The university’s total ratified budget for its eight campuses and student population of about 48,000 for this fiscal year is more than $1.2 billion, which includes general, federal and “other” funds, according to OSB records. The total ratified budget increased by about 10.5 percent from fiscal 2012 to this fiscal year, records show.

“Other” funds make up nearly $882 million, or about 72 percent, of USC’s current total budget for its eight campuses. That part of the budget has mirrored the growth of the university’s overall budget in recent years.

General funds for the USC system increased by about 6.5 percent from fiscal 2012 to $134.6 million this fiscal year, OSB records show. USC has proposed adding $125 million in general funds in next fiscal year’s budget, as first reported by The Nerve last week, for the renovation of the Carolina Coliseum in Columbia, which, if approved, would more than double the general fund budget for the main Columbia campus.

In his Fair Funding Initiative, Pastides said the budget request for next fiscal year would “enable the university to maintain quality while relaxing the financial burden on our students and their families, thereby ensuring access to a postsecondary education.”

But the USC board of trustees hasn’t given much relief to students in recent years. Tuition and required fees from fiscal 2010 to this fiscal year have shot up by more than 18 percent and 20 percent for full-time, in-state and out-of-state undergraduate students, respectively, at the university’s main Columbia campus, according to state Commission on Higher Education (CHE) records. In-state undergraduate tuition and required fees at the Columbia campus this fiscal year total $10,816, CHE records show.

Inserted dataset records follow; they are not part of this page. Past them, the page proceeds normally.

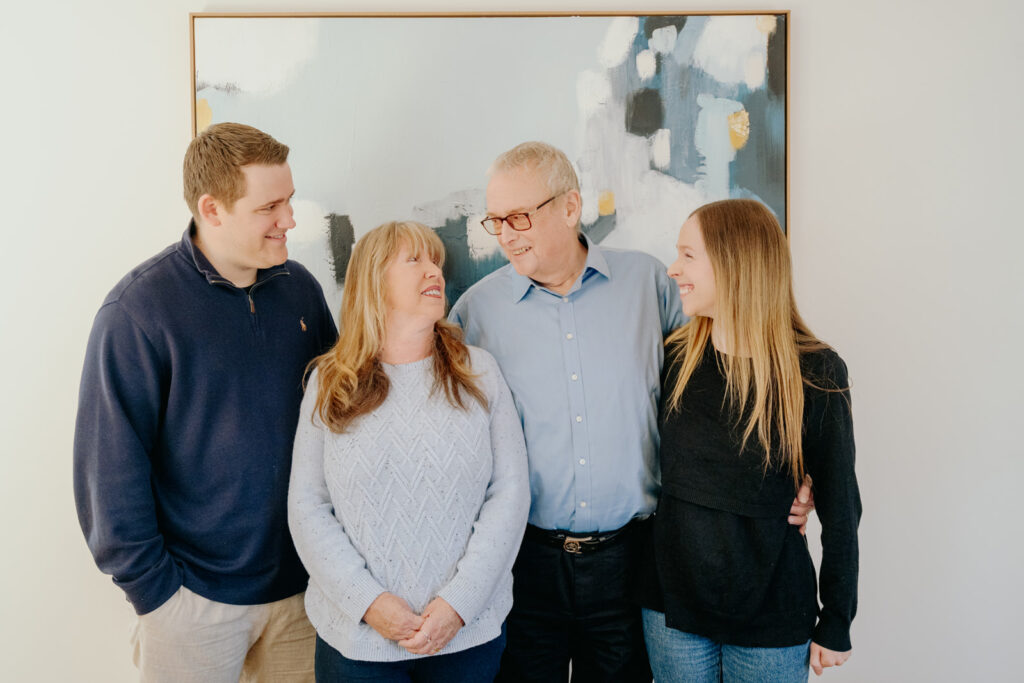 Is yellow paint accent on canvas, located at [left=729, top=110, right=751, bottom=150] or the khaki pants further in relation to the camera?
yellow paint accent on canvas, located at [left=729, top=110, right=751, bottom=150]

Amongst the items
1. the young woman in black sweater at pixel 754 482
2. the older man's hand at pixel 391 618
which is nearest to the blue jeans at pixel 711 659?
the young woman in black sweater at pixel 754 482

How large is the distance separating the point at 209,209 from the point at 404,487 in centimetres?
81

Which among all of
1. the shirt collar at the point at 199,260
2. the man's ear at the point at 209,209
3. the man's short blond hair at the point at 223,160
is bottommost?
the shirt collar at the point at 199,260

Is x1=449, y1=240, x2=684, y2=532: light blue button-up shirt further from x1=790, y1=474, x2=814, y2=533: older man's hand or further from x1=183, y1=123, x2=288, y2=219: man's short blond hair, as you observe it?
x1=183, y1=123, x2=288, y2=219: man's short blond hair

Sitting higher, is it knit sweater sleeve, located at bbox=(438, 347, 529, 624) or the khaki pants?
knit sweater sleeve, located at bbox=(438, 347, 529, 624)

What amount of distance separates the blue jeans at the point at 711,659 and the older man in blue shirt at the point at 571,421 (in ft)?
0.35

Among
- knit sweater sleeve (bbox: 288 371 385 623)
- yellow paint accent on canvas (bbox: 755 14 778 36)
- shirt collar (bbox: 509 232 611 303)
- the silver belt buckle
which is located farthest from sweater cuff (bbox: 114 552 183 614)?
yellow paint accent on canvas (bbox: 755 14 778 36)

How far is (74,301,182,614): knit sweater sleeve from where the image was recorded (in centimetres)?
159

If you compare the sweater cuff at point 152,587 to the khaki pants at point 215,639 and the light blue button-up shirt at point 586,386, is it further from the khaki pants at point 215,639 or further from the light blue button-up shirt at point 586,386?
the light blue button-up shirt at point 586,386

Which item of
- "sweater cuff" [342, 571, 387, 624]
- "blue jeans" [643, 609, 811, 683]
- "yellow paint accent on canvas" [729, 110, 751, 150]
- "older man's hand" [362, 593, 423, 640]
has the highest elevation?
"yellow paint accent on canvas" [729, 110, 751, 150]

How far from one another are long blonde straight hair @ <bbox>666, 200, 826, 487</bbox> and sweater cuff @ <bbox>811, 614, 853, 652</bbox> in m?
0.31

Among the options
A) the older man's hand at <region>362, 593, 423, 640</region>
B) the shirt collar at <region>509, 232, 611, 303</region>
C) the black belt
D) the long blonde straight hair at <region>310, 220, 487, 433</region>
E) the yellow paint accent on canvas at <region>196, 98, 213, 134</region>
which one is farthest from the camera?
the yellow paint accent on canvas at <region>196, 98, 213, 134</region>

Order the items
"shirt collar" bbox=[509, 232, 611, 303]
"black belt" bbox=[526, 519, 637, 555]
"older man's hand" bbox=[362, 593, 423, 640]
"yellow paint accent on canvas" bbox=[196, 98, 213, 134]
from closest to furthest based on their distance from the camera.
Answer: "older man's hand" bbox=[362, 593, 423, 640]
"black belt" bbox=[526, 519, 637, 555]
"shirt collar" bbox=[509, 232, 611, 303]
"yellow paint accent on canvas" bbox=[196, 98, 213, 134]

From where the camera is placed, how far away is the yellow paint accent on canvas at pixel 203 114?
85.0 inches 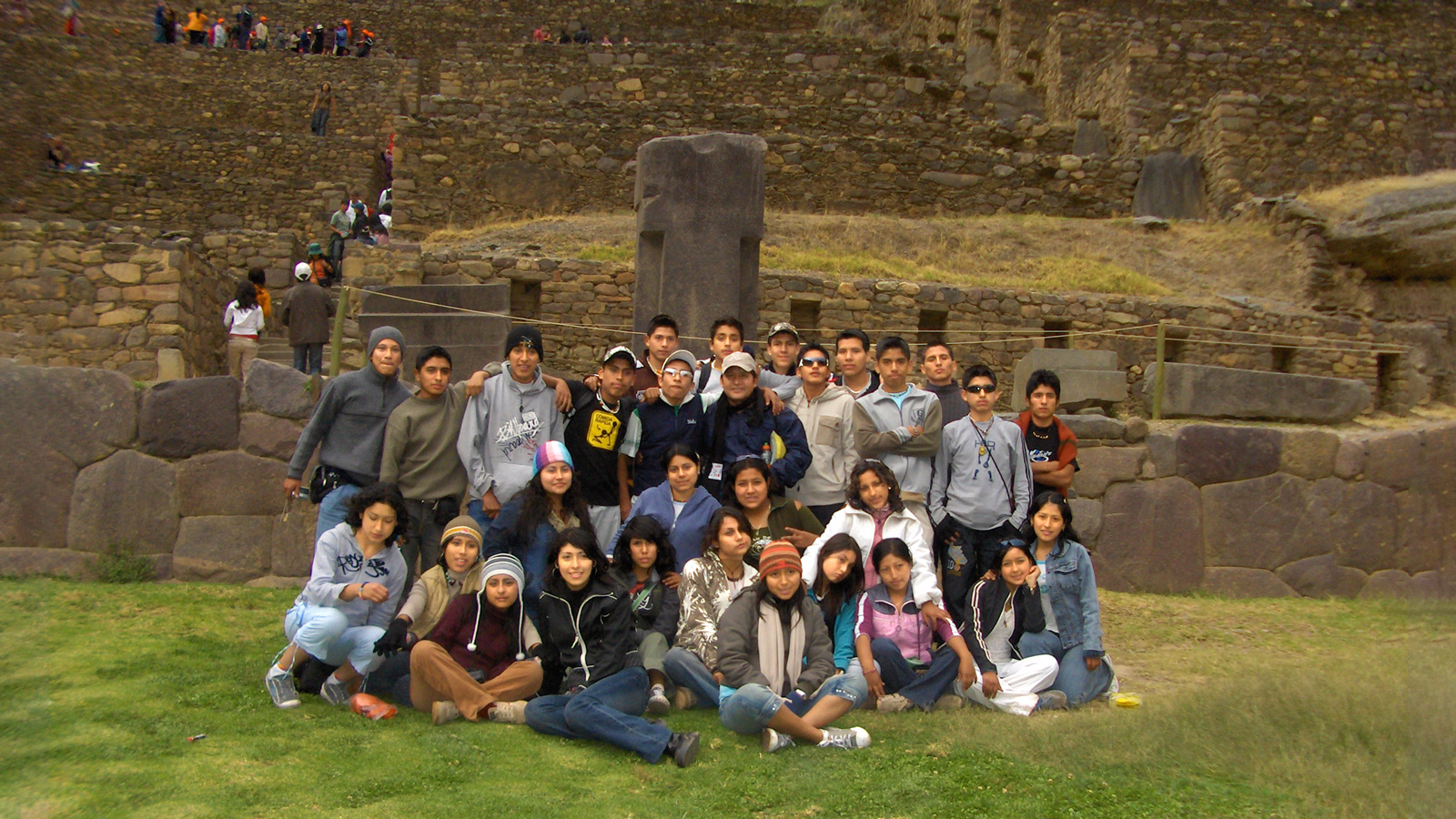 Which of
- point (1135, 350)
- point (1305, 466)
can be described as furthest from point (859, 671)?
point (1135, 350)

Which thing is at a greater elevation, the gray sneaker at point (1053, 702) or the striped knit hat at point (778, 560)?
the striped knit hat at point (778, 560)

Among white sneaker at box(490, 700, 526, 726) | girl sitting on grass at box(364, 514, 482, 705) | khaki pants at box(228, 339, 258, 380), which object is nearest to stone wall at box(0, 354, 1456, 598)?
girl sitting on grass at box(364, 514, 482, 705)

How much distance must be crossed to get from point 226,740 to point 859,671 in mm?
2685

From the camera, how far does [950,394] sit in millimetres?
6746

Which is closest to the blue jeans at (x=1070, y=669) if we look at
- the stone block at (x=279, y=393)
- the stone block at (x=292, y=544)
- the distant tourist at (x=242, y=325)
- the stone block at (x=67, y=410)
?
the stone block at (x=292, y=544)

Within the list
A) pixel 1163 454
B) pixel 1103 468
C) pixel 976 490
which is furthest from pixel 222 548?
pixel 1163 454

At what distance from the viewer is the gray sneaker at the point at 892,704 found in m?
5.33

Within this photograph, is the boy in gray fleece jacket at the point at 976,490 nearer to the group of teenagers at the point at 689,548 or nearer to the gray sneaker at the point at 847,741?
the group of teenagers at the point at 689,548

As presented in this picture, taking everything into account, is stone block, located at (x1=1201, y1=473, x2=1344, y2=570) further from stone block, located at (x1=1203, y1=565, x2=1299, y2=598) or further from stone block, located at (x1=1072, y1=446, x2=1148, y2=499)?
stone block, located at (x1=1072, y1=446, x2=1148, y2=499)

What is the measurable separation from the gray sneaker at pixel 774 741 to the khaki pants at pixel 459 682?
106 centimetres

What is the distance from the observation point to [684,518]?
5.75 meters

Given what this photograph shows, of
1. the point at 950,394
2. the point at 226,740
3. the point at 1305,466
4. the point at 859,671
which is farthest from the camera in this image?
the point at 1305,466

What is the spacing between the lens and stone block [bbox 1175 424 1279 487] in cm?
890

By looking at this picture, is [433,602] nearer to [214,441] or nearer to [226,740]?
[226,740] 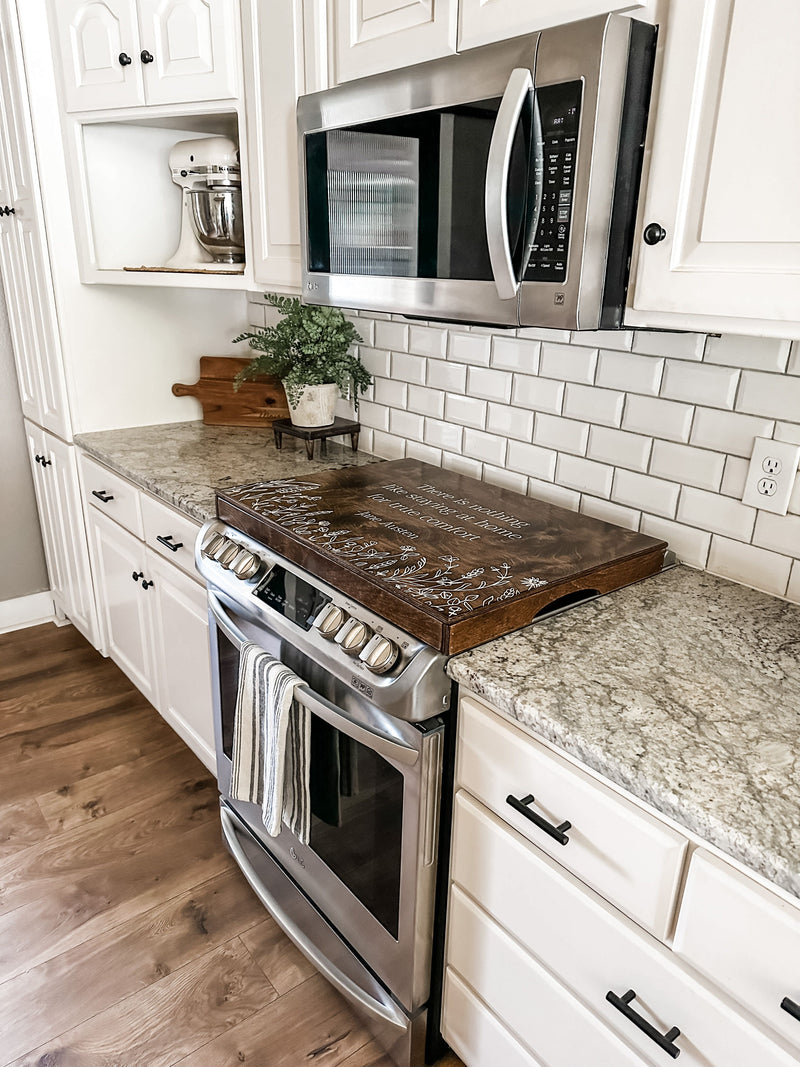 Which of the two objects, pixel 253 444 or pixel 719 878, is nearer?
pixel 719 878

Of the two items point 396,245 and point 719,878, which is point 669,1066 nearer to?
point 719,878

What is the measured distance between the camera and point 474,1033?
1.28m

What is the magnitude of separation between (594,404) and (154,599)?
4.24ft

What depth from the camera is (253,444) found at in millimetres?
2287

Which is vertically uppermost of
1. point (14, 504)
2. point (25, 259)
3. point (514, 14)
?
point (514, 14)

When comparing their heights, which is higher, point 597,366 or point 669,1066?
point 597,366

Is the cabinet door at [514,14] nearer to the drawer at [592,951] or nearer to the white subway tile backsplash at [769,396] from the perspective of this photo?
the white subway tile backsplash at [769,396]

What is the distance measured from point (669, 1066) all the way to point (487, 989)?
348 mm

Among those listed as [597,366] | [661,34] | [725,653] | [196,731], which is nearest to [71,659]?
[196,731]

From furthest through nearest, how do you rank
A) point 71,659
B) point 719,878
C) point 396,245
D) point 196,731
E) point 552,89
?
point 71,659
point 196,731
point 396,245
point 552,89
point 719,878

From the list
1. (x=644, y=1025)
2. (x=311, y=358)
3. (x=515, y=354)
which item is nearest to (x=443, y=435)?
(x=515, y=354)

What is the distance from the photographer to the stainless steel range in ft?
3.82

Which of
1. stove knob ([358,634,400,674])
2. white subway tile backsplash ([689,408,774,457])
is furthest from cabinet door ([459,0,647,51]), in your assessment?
stove knob ([358,634,400,674])

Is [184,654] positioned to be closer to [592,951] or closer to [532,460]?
[532,460] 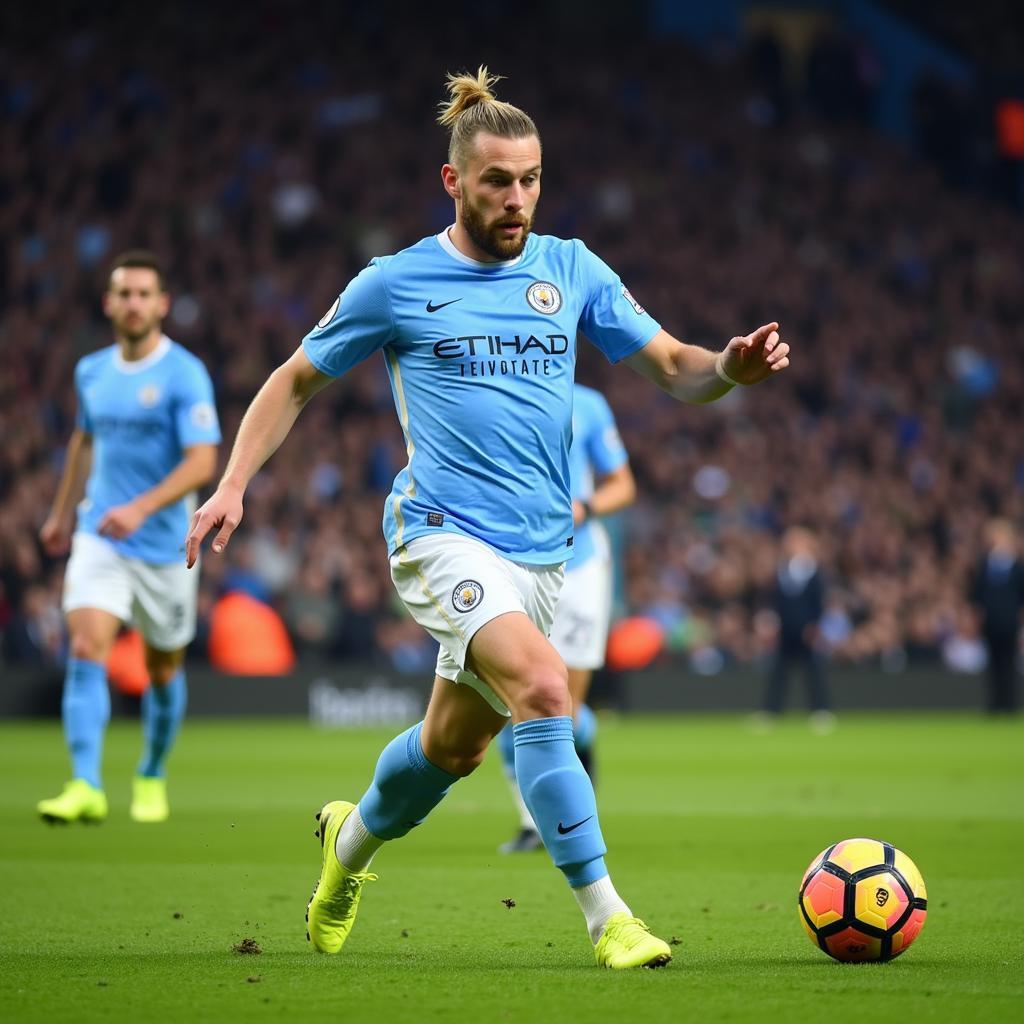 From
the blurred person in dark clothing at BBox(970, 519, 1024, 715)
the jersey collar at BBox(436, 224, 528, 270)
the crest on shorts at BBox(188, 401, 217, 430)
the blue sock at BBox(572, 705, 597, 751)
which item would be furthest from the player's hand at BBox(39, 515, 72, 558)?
the blurred person in dark clothing at BBox(970, 519, 1024, 715)

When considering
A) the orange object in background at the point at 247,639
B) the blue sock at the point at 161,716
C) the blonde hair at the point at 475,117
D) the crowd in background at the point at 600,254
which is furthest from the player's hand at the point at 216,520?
the orange object in background at the point at 247,639

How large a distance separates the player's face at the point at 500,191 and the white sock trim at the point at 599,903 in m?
1.91

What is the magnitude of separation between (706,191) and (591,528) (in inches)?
916

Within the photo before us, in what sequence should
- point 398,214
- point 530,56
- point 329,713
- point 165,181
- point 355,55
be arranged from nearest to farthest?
1. point 329,713
2. point 165,181
3. point 398,214
4. point 355,55
5. point 530,56

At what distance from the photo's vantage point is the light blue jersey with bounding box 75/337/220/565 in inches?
407

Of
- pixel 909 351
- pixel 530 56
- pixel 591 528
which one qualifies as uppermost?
pixel 530 56

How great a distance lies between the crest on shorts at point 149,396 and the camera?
10.4 m

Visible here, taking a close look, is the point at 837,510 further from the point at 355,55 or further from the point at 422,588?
the point at 422,588

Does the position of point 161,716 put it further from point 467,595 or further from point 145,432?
point 467,595

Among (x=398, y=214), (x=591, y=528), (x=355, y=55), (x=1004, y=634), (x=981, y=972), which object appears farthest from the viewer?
(x=355, y=55)

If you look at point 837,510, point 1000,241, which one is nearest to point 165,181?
point 837,510

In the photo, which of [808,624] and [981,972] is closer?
[981,972]

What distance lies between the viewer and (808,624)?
23.4 metres

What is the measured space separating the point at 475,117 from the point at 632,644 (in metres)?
19.7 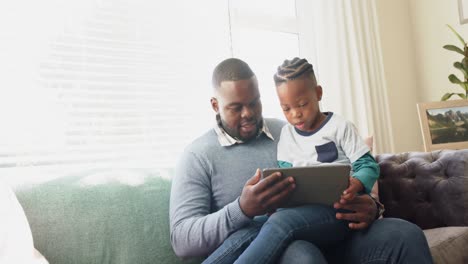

Other colleges and universities, including the state’s two other public research institutions – Clemson University and the Medical University of South Carolina – also imposed double-digit tuition increases on resident undergraduate students during the period, CHE records show. In a reversal of that trend, however, Converse College, a small, private women’s college in Spartanburg, announced in September that it would cut its tuition by 43 percent.

Even if the Fair Funding Initiative becomes reality next fiscal year and resident USC students see no tuition hike, the university is seeking to raise other types of revenue, budget documents show.

The university wants a $58.3 million increase in “other” funds for fiscal 2015, noting, among other things, in its budget request that 550 beds “offline” will be “back in use next fiscal year at a higher rate,” and that the athletics department revenue will be “impacted positively from higher ticket prices and additional SEC revenue,” though no specifics were given about the proposed increases.

The Nerve recently sent written questions to Wes Hickman, USC’s main spokesman, about the “Fair Funding Initiative,” other aspects of the proposed fiscal 2015 budget, and the university’s large, unrestricted reserves. No response was received by publication of this story.